I've been down that river before at about two feet. Three of us taking turns at the oars when not kayaking. The first couple of days, I don't think there was a rapid we encountered that the raft didn't get stuck in. I did see a sweep boat that had no problems at all. He just went right over those rocks. Plus, he was big enough to carry all your gear and his girlfriend too.
If I had it to do over again at that level, I'd do self support kayak. Might not work too well in a play boat. Shin guards would have been a great thing to have along to aid in getting the raft off all those rocks. I'd fly whatever you don't need the first couple days into Indian Creek, unless you can come up with a sweep boat.
Good luck and I'm sure you all will have a great trip, even if you have to pack those kayaks down.


----------



## jrdavey (May 27, 2010)

*Response For Okieboater*

I appreciate the positive responses, and Okieboater, especially the time and thought you put into your post. I guess I am not aware of any friction between rafters and kayakers, as my family respects and gets along with everybody, whether they are a rafter, kayaker, plumber, or lawyer. Nevertheless, a simple phone call to me would answer all of these questions, as opposed to me detailing everything in a long post.

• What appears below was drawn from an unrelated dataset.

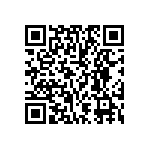 VTVS31GSMF-M3-08 QRCode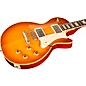 Heritage Custom Shop Core Collection H-150 Plain Top Electric Guitar Artisan Aged Dirty Lemon Burst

Six of the eight kayakers are my family members. The other two kayakers are family friends and expert boaters in their late thirties. No one in the country works as hard as this group, or would be more considerate to a trip member outside of our group who, as far as I'm concerned, would become part of our family. We leave every campsite in better condition than we found it. There is a proper way to conduct yourself on the river, and we do it. 

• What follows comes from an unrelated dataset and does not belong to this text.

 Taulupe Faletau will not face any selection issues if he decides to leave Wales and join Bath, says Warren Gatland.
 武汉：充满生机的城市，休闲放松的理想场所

I'm a little surprised to run across this negativity as a result of my simple and genuine invitation. Our priorities for this trip are safety, fun, and making sure everyone has the best experience possible. 

I understand this is short notice. If we don't find someone, we will still have a great trip with three rafts and ten people. If we can find a guide with more experience than our existing boatmen, fantastic. If someone has the time and desire to share this unique Middle Fork experience with some super nice and hardworking folks, please call me.

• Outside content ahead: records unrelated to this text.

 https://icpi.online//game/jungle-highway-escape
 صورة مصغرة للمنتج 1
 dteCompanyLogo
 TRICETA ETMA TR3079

Thanks again to you, Okieboater, and everyone else with constructive input.

Jim - 509-879-7454


----------



## David Miller (May 23, 2010)

Don't refer to the boat driver as a guide. This raises problems with the rules governing your permit.


----------



## jrdavey (May 27, 2010)

*Low Water*

EZCRUZR - Thanks for your post. We will consider this carefully. We have already discussed two days of kayak self support and meeting the rafts at Indian Creek. The only other Middle Fork trip I did in 2007, we flew everything in. Unfortunate to miss the top 25 miles, but we still had a great trip with 24 people.


----------



## cataraftgirl (Jun 5, 2009)

Didn't mean to sound negative, just practical based on your group size of 12 kayaks & 2-3 rafts. If you end up with only two rafts, I'd definitely think about going light from the top, and flying heavy stuff in to Indian Creek. If you go with three rafts for 15 people just be ready to work a bit harder the first two days. Good luck with the trip no matter what.


----------



## carvedog (May 11, 2005)

jrdavey said:


> I appreciate the positive responses, and Okieboater, especially the time and thought you put into your post. I guess I am not aware of any friction between rafters and kayakers, as my family respects and gets along with everybody, whether they are a rafter, kayaker, plumber, or lawyer. Nevertheless, a simple phone call to me would answer all of these questions, as opposed to me detailing everything in a long post.
> 
> Six of the eight kayakers are my family members. The other two kayakers are family friends and expert boaters in their late thirties. No one in the country works as hard as this group, or would be more considerate to a trip member outside of our group who, as far as I'm concerned, would become part of our family. We leave every campsite in better condition than we found it. There is a proper way to conduct yourself on the river, and we do it.
> 
> ...


This certainly sounds a lot better. I still don't have a clear idea of how many people you want to go down the river. If I was considering contacting you I would like to know I was going with someone who knows what they need. 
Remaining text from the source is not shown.